Because Brad is the owner of this repository, he can clone it to his local computer, work on it, and push changes up to GitHub in exactly the same way that Arthur did in the example above. Just to be clear, the changes that Brad pushes to his GitHub repository will have no effect on Arthur’s GitHub repository.

Note

🗒Side Note: As we’ve pointed out multiple times in this chapter, we generally do not want to upload research data to GitHub. Why? Because it isn’t typically considered private or secure. However, in order for Brad to do work on this project, he will need to access the data somehow. This will require Arthur to share to data with Brad through some means other than GitHub. Different organizations have different rules about what is considered secure. For example, it may be an encrypted email or it may be a link to a shared drive on a secure server. However the data is shared, it is important for Brad to create the same file structure on his computer that Arthur has on his computer. Otherwise, the R code will not work on both computers. Remember from the example above that Arthur created a data/ folder in his local repository and he moved the form_20.xlsx data to that folder. Then, in the data_01_import Quartofile, he imports the data using the relative path data/form_20.xlsx. In the chapter on file paths we discussed the advantages of using relative file paths when working collaboratively. Just remember, in order for this relative file path to work identically on Arthur’s computer and Brad’s computer, the folder structure and file names must also be identical. So, if Brad put the form_20.xlsx data in a folder in his local repository called data sets/ instead of data/, then the code in the data_01_import Quartofile would throw an error.

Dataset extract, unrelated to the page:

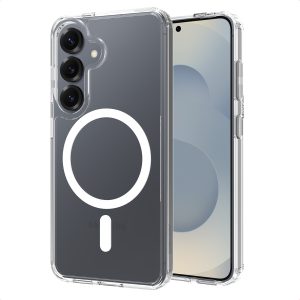 Accezz Xtreme Impact Backcover met MagSafe Samsung Galaxy S24 - Transparant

Notice that in the diagram above, Arthur’s original repository is totally unaffected by any changes that Brad is pushing from his local computer to the repository on his GitHub account. There is no arrow from Brad’s remote repository going into Arthur’s remote repository. Again, this is a good thing. Literally anyone else in the world with a GitHub account could just as easily fork the repository and start making changes. If they also had the ability to make changes to the original repository at will, they could potentially do a lot of damage!

However, in this case, Arthur and Brad do know each other and they are working collaboratively on this project. And at some point, the work that Brad is doing needs to be synced up with the work that Arthur is doing. In order to make that happen, Brad will need to send Arthur a request to pull the changes from Brad’s remote repository into Arthur’s remote repository. This is called a pull request.

19.7.2 Creating a pull request

To make this section slightly more realistic, let’s say that Brad adds some code to data_01_import.Qmd. Specifically, he adds some code that will coerce the date_received column from character strings to dates (code below).

Then, Brad commits the changes and pushes them up to his GitHub account. Now, when he checks his GitHub account he can see that his remote repository is 1 commit ahead of Arthur’s remote repository. And that makes sense, right? Brad just updated the code in data_01_import.Qmd, committed that changed, and pushed the commit to his GitHub account, but nothing has changed in the repository on Arthur’s GitHub account.

Now, Brad needs to create a pull request. This pull request will let Arthur know that Brad has made some changes to the code that he wants to share with Arthur. To do so, Brad will click Contribute and then click the green Open pull request button as shown below.

The top section of the next screen, which is outlined in red below, allows Brad to select the repository and branch on his GitHub account that he wants to share with Arthur (to the right of the arrow). More specifically, he is sending a request to Arthur asking him to merge his code into Arthur’s code. In this case, the code he wants to ask Arthur to merge is on the main branch of the brad-cannell/r4epi_example_project repository (Brad’s repository only has one branch – the main branch – at this point). To the left of the arrow, Brad can select the repository and branch on Arthur’s GitHub account that he wants to ask Arthur to merge the code into. In this case, the main branch of the arthur-epi/r4epi_example_project repository (Arthur’s repository only has the main branch at this point as well).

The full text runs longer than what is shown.